By Rabbi Olivier BenHaim,
Bet Alef Meditative Synagogue
In last week’s Torah portion, we read the universally known affirmation: “V’ahavta l’reacha kamocha — Love your fellow like yourself” (Lev 19:18). But this is not the only time in Torah that we are called to love. In the book of Deuteronomy, we find another “V’ahavta,” the one that commands us to love God (Deut. 6:5), and which is duplicated in our prayer books as part of the Sh’ma and its blessings.
We might be tempted to derive from these two Biblical verses that religion is there to teach us love and insist on compassion. But our sages recognized that love alone is not enough; compassion alone is not enough. They were concerned that teaching primarily about love might run the risk of keeping the focus of the practitioner exclusively on him or herself. Viewed narrowly this way, religion might simply become about the narcissistic pursuit of self-betterment — more about how one feels than about what one does. Ultimately, religion might end up solely an individualistic, exclusively personal practice, rather than also providing a communal framework that regulates interpersonal conduct.
Consequently, our rabbis teach us that “chesed,” the attribute of love and compassion, needs to be met with “gevurah,” the attribute of justice, to be in balance. Though we certainly must cultivate love within ourselves and live with an open heart and a forgiving attitude, at the same time it is both imperative and critical that we develop a strong sense of duty toward the other.
This balance between these two opposites is the gift I believe religion brings to humanity. In a world devoid of gevurah, people are left to act on the more primitive/baser instincts of self-preservation, with exclusive concern for one’s inner circle.
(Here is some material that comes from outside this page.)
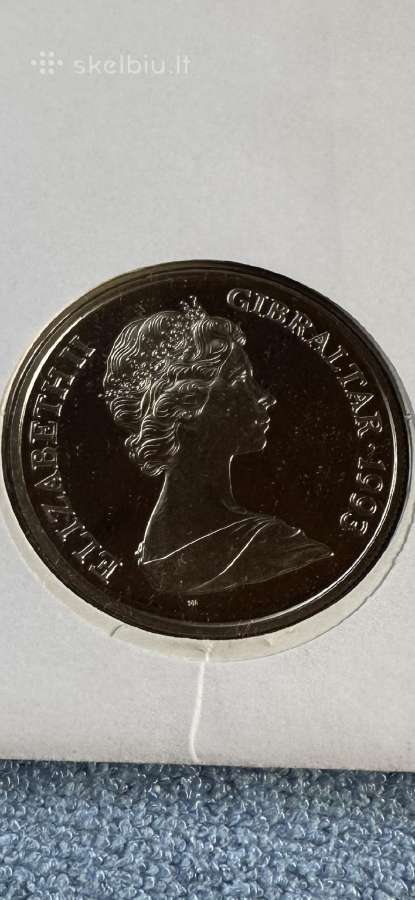 Moneta Gibraltar 1993m. 1 krona, cu-ni - nuotraukos Nr. 2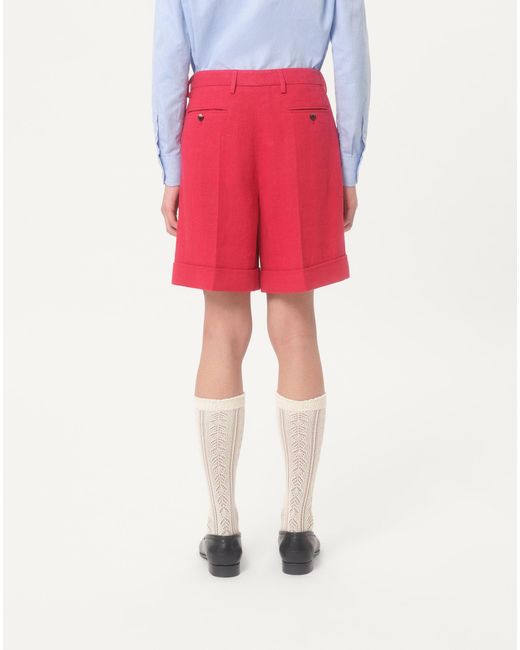 Valentino Red Cuffed Linen Bermuda Shorts for men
Gevurah nudges us to broaden our humanity — extend ourselves — to do the right thing simply because it’s the right thing to do, even if we don’t feel like it.
Paradoxically, this insular concern may be what we are seeing as the new cultural standard of modern society, where the dominating worldview is one that sees all relationships as transactional, where extreme individualism is the norm, and the world is increasingly polarizing and alienating. In this environment, we don’t have to look far to see how we have, as a society, abdicated our mandate to provide services and appropriate help for those who are poor, sick and mentally ill. They are at best neglected if not downright abandoned by those entrusted with their care: Us.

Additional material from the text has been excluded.